Dr. David Nabarro, the U.N. coordinator for fighting new emerging flu varieties, told reporters several richer states were likely to join nine which have agreed to share their own vaccines with developing countries.
"It is most likely that there will be other countries donating 10 percent of their H1N1 vaccine stocks," Nabarro said by telephone from New York during a break from meetings with already pledged and potential donors.
He declined to say who the new donors would be, indicating that announcements would be made by the countries themselves, probably after meetings he and other officials were holding with them on Friday and into the weekend.

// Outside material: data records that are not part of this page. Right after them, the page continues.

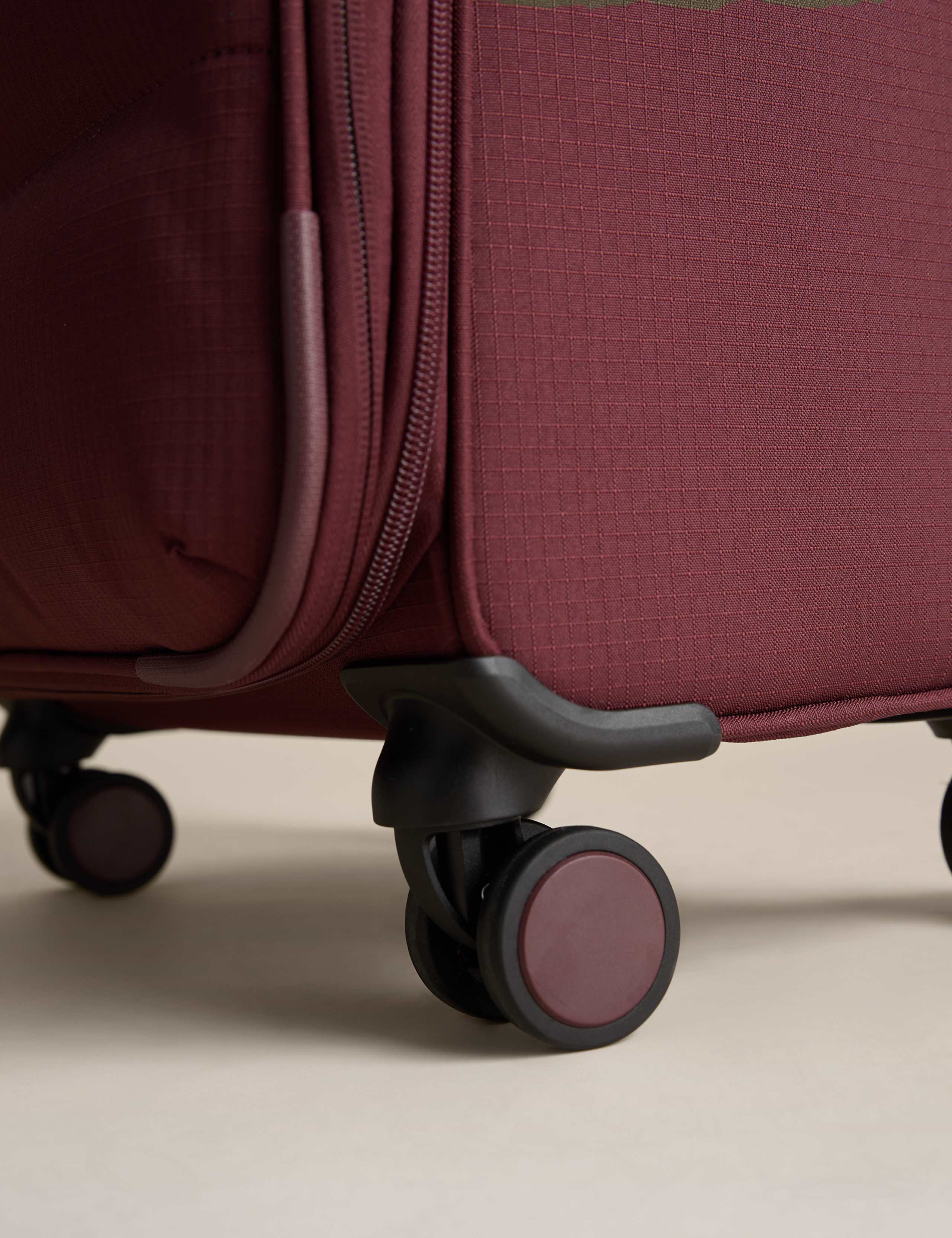 Set of 3 Geneva 4 Wheel Soft Suitcases 6 of 7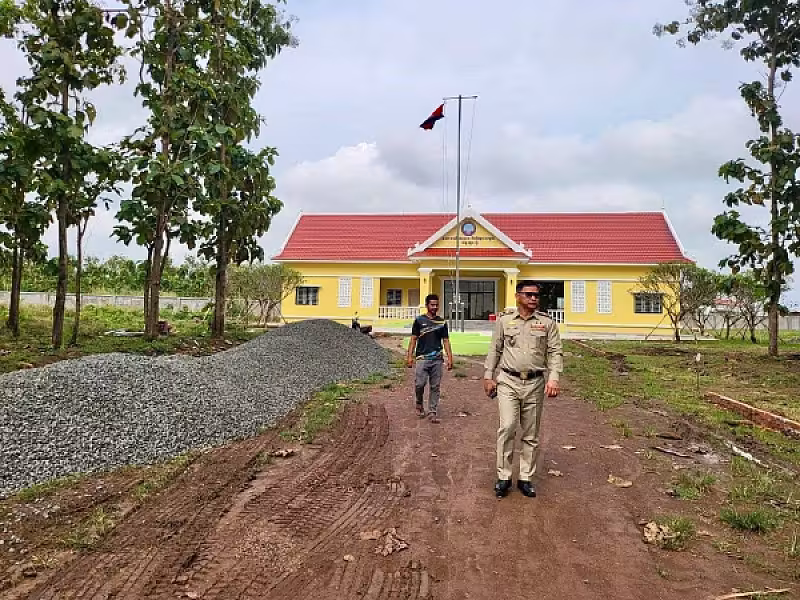 ឧត្តមសេនីយ៍ទោ ចិន នី ដឹកនាំក្រុមការងារចុះត្រួតពិនិត្យការងារសាងសង់អគារស្នាក់ការ អ.ន.ក ខេត្តត្បូងឃ្មុំ - Image 3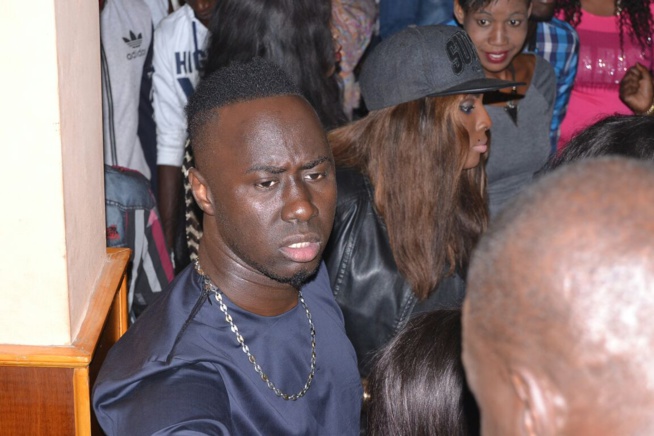 Noel , Pape Diouf met le feu au ravin avec ses fans. Noel , Pape Diouf met le feu au ravin avec ses fans.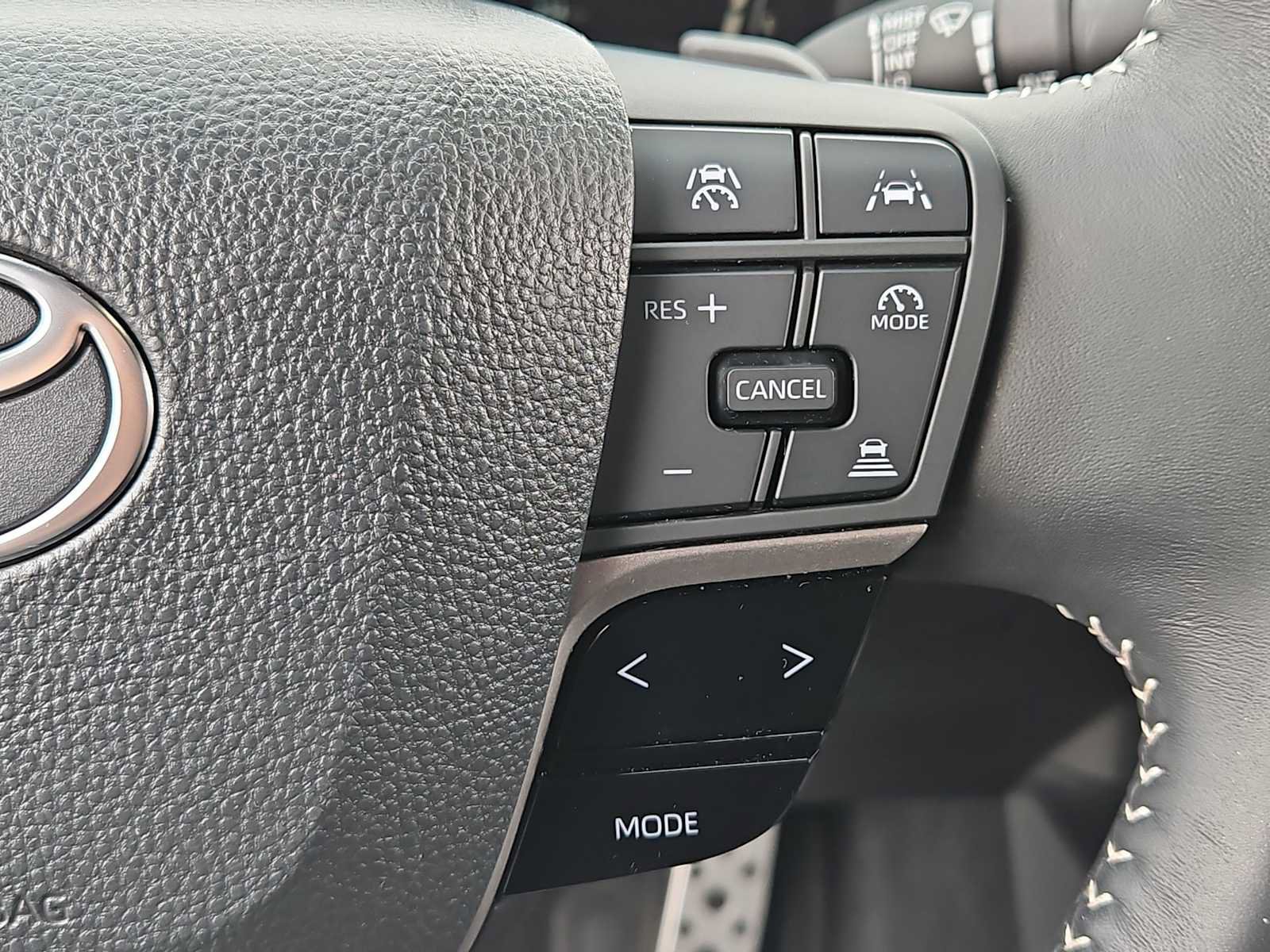Used 2025 Toyota Camry SE w/ Convenience Package FWD image 24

Last week, vaccines were pledged to the U.N.-administered stockpile by Australia, Brazil, Britain, France, Italy, New Zealand, Norway, Switzerland and the United States.
Drug makers can only produce enough H1N1 vaccine each year for half the planet, forcing each country to choose who will get the limited supplies, the WHO said on Thursday.
Mass vaccination programmes could start in Europe within weeks after European healthcare regulators recommended two swine flu vaccines for approval on Friday.
Poorer nations are especially vulnerable to the H1N1 virus because many are badly affected by HIV/AIDS, malaria and tuberculosis, and have under-funded health services, U.N. and World Health Organisation (WHO) officials say.